TASK STATEMENT: Images embedded in the records are excluded; print everything else exactly as given.

:: EXERCISE MATERIAL

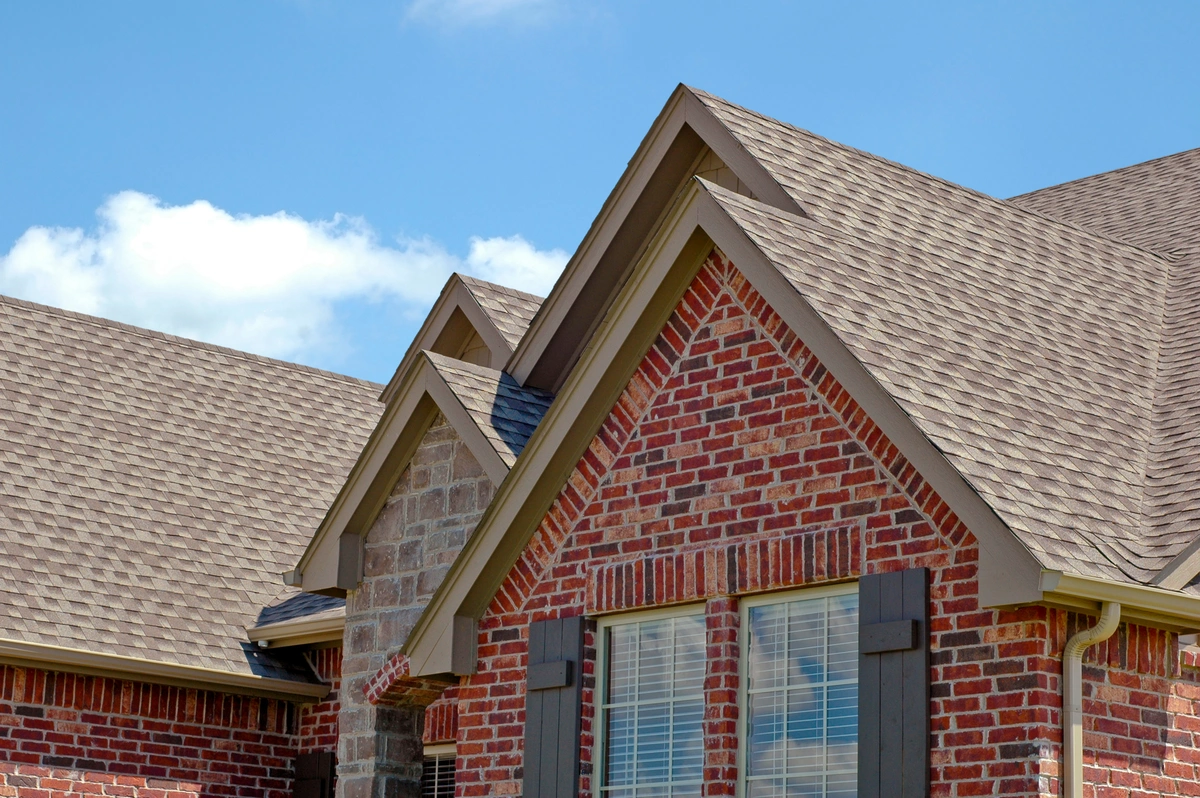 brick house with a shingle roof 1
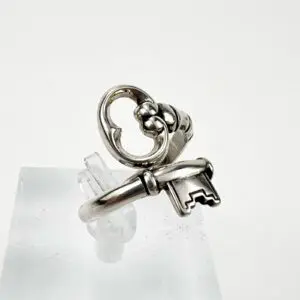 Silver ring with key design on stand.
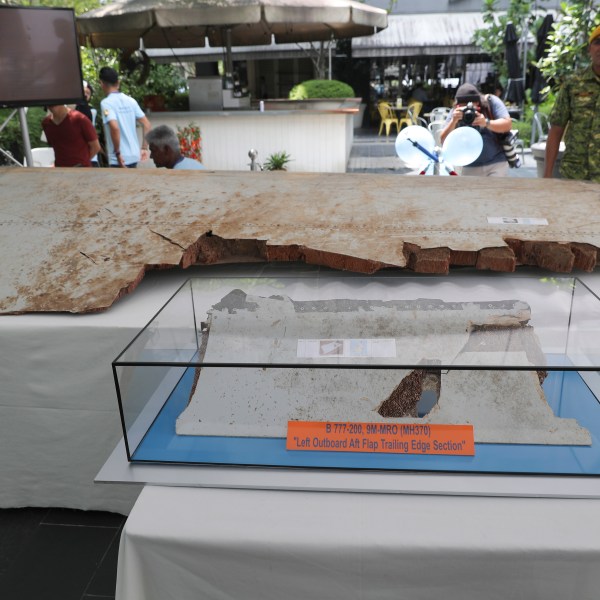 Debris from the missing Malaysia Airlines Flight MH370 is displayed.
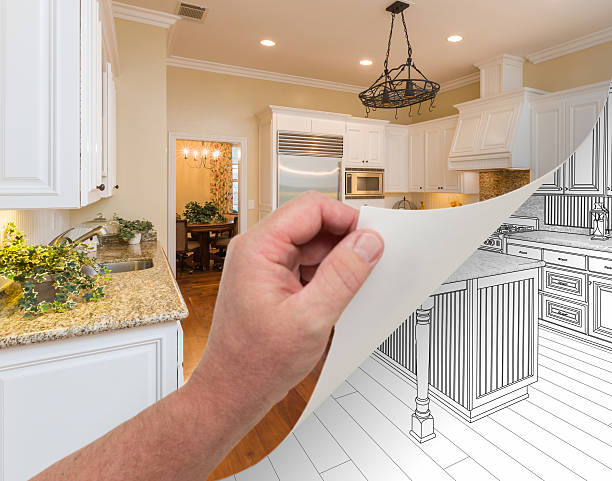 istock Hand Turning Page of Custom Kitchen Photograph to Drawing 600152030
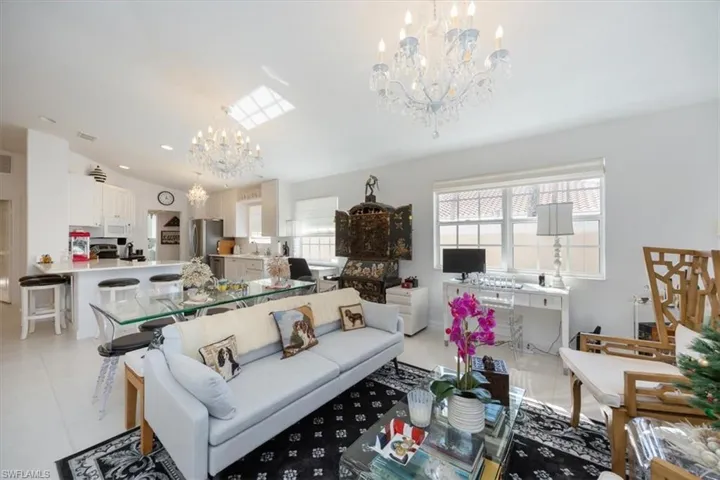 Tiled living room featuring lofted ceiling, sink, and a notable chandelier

::::

RESULT FOR THIS TASK:
 brick house with a shingle roof 1
 Silver ring with key design on stand.
 Debris from the missing Malaysia Airlines Flight MH370 is displayed.
 istock Hand Turning Page of Custom Kitchen Photograph to Drawing 600152030
 Tiled living room featuring lofted ceiling, sink, and a notable chandelier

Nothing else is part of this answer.